Data for analysis
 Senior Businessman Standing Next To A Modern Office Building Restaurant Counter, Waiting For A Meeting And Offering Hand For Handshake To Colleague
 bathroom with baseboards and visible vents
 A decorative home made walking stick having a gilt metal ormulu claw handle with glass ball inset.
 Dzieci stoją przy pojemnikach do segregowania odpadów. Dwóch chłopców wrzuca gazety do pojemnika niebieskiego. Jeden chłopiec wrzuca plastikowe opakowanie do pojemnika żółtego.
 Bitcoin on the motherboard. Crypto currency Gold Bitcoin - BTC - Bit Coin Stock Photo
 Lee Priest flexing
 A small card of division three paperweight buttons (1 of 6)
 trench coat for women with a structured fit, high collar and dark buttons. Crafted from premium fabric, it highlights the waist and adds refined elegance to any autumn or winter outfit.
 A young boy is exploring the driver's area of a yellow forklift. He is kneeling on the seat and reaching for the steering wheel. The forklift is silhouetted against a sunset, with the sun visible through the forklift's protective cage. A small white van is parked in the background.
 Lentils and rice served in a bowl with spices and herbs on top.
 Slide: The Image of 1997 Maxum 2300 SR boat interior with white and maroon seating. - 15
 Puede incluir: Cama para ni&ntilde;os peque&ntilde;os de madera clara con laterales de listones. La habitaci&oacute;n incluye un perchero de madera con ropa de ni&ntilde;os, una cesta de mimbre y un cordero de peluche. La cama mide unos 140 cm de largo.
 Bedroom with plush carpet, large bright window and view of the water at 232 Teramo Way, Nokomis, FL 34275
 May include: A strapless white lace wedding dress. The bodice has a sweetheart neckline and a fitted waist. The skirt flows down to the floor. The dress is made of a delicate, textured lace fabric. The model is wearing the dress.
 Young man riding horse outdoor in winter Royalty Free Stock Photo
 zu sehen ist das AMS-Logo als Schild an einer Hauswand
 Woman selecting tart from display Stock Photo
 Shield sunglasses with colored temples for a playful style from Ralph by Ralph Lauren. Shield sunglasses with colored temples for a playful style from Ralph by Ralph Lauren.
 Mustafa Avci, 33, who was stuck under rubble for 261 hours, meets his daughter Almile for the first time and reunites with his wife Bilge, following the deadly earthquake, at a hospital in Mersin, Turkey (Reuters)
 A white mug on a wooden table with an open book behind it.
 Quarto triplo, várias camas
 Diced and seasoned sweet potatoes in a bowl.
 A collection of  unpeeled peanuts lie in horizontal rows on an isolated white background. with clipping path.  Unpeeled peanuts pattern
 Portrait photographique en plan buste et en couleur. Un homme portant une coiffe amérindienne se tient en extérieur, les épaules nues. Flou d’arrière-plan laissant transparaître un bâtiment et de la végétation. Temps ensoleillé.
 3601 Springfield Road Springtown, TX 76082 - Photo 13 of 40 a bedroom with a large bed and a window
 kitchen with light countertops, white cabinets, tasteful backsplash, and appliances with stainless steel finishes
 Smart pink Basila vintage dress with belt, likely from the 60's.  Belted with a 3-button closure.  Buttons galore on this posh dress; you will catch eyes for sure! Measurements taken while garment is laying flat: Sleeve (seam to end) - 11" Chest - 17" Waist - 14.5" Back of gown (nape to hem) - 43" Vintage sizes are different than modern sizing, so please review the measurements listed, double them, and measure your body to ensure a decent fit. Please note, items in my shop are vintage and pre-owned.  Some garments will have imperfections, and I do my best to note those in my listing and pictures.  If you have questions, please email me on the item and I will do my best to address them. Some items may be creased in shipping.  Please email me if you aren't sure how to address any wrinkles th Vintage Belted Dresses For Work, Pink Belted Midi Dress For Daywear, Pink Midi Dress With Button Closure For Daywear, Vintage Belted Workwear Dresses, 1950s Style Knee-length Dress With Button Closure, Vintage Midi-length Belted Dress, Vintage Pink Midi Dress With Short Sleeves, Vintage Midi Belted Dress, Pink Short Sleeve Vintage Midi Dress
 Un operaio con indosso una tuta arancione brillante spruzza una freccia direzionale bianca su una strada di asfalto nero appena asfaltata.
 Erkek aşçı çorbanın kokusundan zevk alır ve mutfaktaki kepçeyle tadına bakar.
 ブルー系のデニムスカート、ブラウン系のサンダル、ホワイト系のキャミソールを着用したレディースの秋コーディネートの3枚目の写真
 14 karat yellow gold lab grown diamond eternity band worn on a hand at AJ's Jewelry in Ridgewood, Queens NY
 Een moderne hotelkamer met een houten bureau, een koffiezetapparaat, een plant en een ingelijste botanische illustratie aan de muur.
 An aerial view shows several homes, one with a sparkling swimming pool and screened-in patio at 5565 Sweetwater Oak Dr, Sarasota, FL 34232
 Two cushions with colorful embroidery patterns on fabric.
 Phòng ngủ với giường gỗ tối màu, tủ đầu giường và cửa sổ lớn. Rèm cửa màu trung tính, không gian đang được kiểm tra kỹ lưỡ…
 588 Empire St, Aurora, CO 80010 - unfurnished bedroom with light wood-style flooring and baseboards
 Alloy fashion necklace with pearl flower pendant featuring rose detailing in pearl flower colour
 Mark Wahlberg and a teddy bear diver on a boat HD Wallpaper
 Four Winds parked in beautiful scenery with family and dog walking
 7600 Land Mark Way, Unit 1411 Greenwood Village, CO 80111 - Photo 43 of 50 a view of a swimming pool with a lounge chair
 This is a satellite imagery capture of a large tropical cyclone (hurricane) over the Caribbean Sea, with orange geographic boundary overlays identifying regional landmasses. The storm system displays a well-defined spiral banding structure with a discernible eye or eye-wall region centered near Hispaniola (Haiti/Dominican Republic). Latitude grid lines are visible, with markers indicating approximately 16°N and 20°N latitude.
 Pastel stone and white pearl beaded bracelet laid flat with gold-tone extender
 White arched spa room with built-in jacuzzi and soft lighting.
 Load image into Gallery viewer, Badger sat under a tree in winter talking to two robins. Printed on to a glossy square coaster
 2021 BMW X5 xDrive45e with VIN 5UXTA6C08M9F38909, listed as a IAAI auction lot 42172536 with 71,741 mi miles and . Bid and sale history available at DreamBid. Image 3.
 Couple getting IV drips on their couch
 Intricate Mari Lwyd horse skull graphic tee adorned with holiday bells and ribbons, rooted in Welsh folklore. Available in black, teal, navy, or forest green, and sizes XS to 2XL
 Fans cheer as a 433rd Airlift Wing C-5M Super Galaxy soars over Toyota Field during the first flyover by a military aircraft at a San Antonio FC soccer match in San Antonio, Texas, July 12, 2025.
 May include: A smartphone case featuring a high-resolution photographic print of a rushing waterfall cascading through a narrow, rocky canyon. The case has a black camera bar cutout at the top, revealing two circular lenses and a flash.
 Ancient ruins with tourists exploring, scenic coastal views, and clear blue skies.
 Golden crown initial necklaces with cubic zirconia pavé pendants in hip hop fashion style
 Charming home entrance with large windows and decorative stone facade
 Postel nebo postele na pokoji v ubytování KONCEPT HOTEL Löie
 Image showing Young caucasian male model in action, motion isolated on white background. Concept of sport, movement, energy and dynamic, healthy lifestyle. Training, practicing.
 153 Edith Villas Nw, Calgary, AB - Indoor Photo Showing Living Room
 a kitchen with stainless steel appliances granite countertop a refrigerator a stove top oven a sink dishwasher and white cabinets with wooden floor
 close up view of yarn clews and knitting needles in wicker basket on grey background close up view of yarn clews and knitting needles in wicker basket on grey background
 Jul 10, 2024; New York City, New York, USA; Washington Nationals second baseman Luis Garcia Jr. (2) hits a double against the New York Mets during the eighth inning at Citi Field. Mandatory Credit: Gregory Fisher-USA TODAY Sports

Requirement
Each line in the material either holds the string "first" or does not. State how many do, and nothing else.

Response box
2